One of Kodak’s main mistakes was that it focused solely on an existing product without considering a changing environment, he told the crowd. "In the event of a war, for example, the liter of diesel could reach five or seven dollars ... You'll never have to pay that kind of money to run the Nikola One."

Milton also compared the truck’s concept to the arrival of the first smartphones, which also took the marketplace by surprise.

Apple combined the iPhone and iTunes to change the way people purchased music. Nikola One’s monthly payments will include the price of the truck as well as fuel, maintenance, insurance, and even the windshield wipers. The company plans to develop a related network of hydrogen fueling stations, too.

"In the automotive world, emotions sometimes motivate acquisitions," he said. "But not in trucking. It is only money that dictates decisions.”

"The other companies took a long time to figure out what was happening, and that's what's going to happen with the trucking industry," he said.

Once produced, the Nikola One is expected to travel up to 1,900 kilometers on a single filling of the hydrogen fuel cell system, while delivering 1,000 horsepower and 2,000 lb-ft of torque.

"Other manufacturers are trying to meet the new emissions standards by sacrificing torque and power, but drivers do not want to drive a truck that does not have power," he said, stressing that his truck will also offer a quicker braking response than its diesel-powered counterparts.

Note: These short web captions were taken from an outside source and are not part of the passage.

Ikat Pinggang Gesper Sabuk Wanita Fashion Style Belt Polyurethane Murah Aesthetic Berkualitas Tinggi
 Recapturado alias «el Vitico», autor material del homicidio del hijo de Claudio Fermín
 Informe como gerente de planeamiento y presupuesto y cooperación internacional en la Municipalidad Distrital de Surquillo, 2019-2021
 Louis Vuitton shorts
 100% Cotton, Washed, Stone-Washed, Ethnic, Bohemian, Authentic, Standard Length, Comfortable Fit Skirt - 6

"I love the history of diesel," Milton added. "It used to be the most efficient and efficient alternative. But there is now a more efficient, efficient and emissions-free alternative."

The truck’s batteries will offer a further environmental benefit when they are removed after 1.6 million kilometers of service and sold for a fifth of their traditional price to store solar energy, he said.

"By 2021 the truck will be on the road, it's not a dream," Milton concluded. "The future is here and we're all going to be part of it.”